Une question épineuse est l’obligation de transparence qui peut intéresser l’Union européenne dans ce cas présent. Notamment la plateforme doit expliquer le fonctionnement de son algorithme aux utilisateurs mais aussi sa politique de modération et établir un dispositif de réclamation.
De surcroit, la publicité ciblée envers les mineurs est interdite, avec la tranche d’âge jeune présente sur ce réseau, cette obligation parait plus que pertinente et sera surveillée de près par la Commission.
Enfin l’utilisation de « Dark Patterns » est prohibée, les jeunes sont des cibles faciles via ce genre de procédé comme le démontre l’affaire aux Etats-Unis avec Epic Games et les Dark Patterns.

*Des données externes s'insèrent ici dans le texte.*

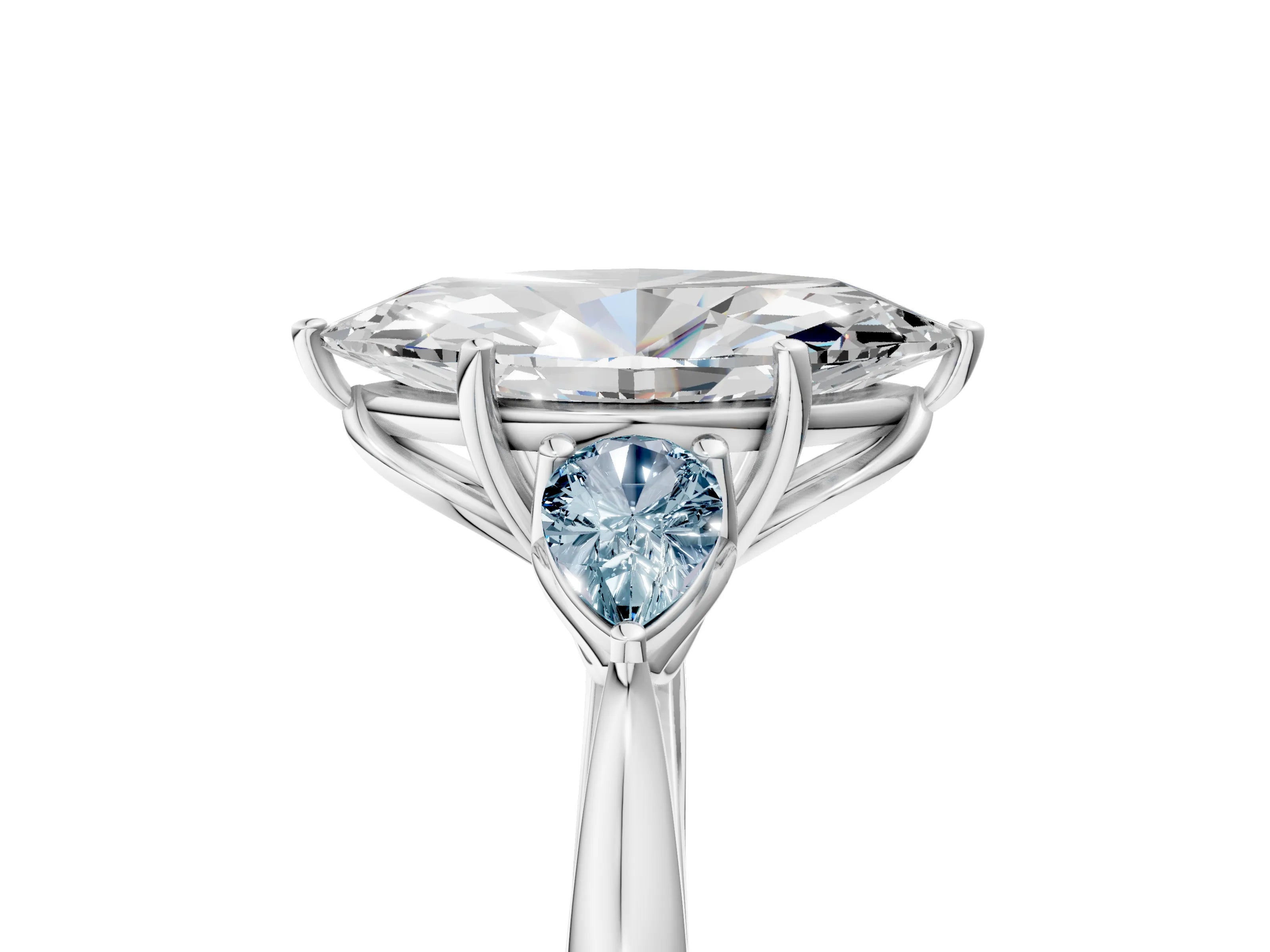 White gold Marquise Cut Diamond Three-Stone Ring with Pear with Aquamarine side stone Side Stones and Prong Setting_29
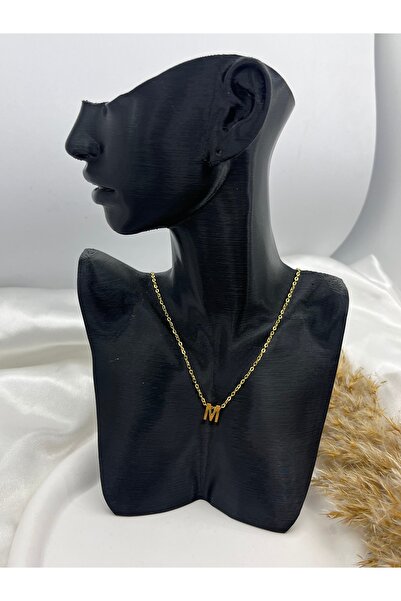 Yıldız Accessory Gold Colored Steel Letter Necklace - Letter m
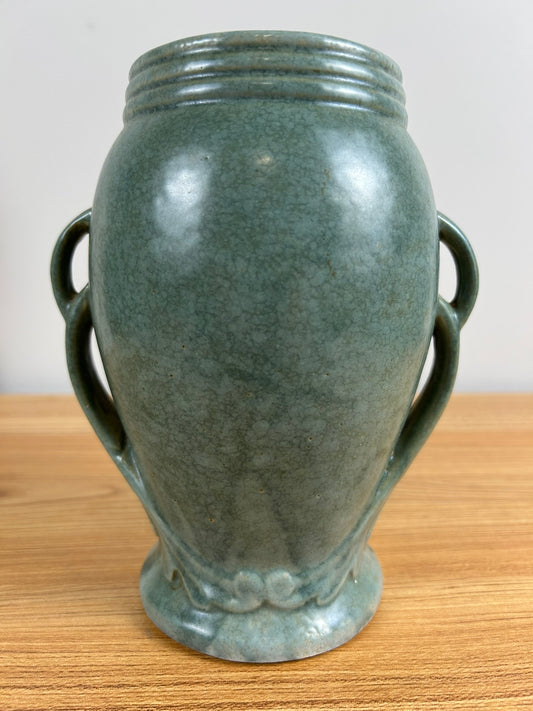 Robinson Ransbottom 1940s Ohio Art Pottery Green Ceramic Vase 187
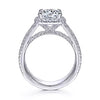 Fantastic Cushion Halo Round Center Diamond Channel Set Engagement Ring in 14K Gold | Gemma's Jewelers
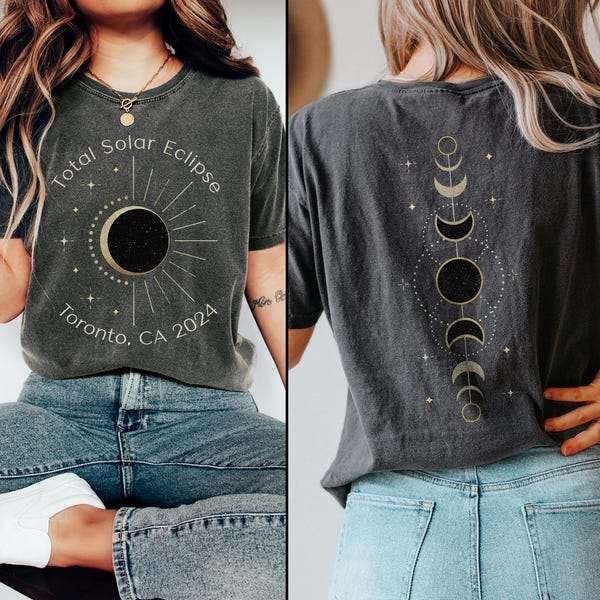 Aangepast shirt voor totale zonsverduistering | Shirt Path of Totality | Aftellen naar totaliteit | Celestial-shirt | Shirt Astronomy Sun | Comfortkleuren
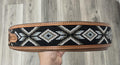 “ RED MESA DIAMOND “  |1.75 Inch Iron Spur Western Beaded Belt Black and  White Beaded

La dernière obligation impose à TIKTOK d’établir une ligne de conduite contre les risques, c’est à dire effectuer des audits indépendants de réduction des risques ou bien analyser tous les ans les risques systémiques que la plateforme crée.
-La réponse de la plateforme
La plateforme TIKTOK souhaite une coopération avec l’Union européenne et les États-Unis. Elle s’engage à respecter le Digital Service Act ainsi que les autres réglementations européennes comme le RGPD. De plus un code pratique sur la désinformation est prévu par la plateforme.
Caroline Greer, directrice des politiques publiques et des relations gouvernementales de TIKTOK a elle aussi réagi sur Twitter en confirmant que « la sécurité de nos utilisateurs est primordiale ».
-La protection des journalistes bientôt réaffirmée à l’échelle européenne
Récemment une affaire est venue secouer le siège social TIKTOK, l’entreprise BYTEDANCE a utilisé son application pour espionner et récupérer des informations appartenant à des journalistes Américains. Le projet « RAVEN » visait à récupérer des données personnelles de journaliste appartenant au journal FORBES comme leurs adresses IP qui étaient directement transférées au siège social en chine permettant de tracer leurs positions. L’objectif était d’identifier du personnel de BYTEDANCE coopérant avec les journalistes dans le cadre d’une investigation sur les liens entre le gouvernement Chinois et l’application.
Randall Lane, le directeur du contenu de Forbes
Un texte européen est en préparation qui vise à protéger les journalistes sur les plateformes en ligne. Le Digital Press Act ou règlement sur la liberté des médias vise entre autres l’interdiction d’utiliser des logiciels espions visant les journalistes. Selon la Commission on parle de « tout produit comportant des éléments numériques spécialement conçu pour exploiter les vulnérabilités d’autres produits comprenant des éléments numériques, qui permet la surveillance discrète de personnes physiques ou morales par le suivi, l’extraction, la collecte ou l’analyse de données provenant de ces produits ou provenant des personnes physiques ou morales utilisant ces produits, notamment en enregistrant secrètement des appels ou en utilisant d’une autre manière le microphone d’un appareil d’un utilisateur final, en filmant des personnes physiques, des machines ou leur environnement, en copiant des messages, en photographiant, en suivant l’activité de navigation, en suivant la géolocalisation, en collectant d’autres données de capteurs ou en suivant les activités d’un utilisateur final sur plusieurs de ses appareils, sans que la personne physique ou morale concernée ait été informée d’une manière spécifique et qu’elle ait donné son consentement explicite à cet égard »
Ainsi l’Union européenne n’a pas terminé son grand chantier de régulation des plateformes et compte bien édicter d’autres textes en la matière.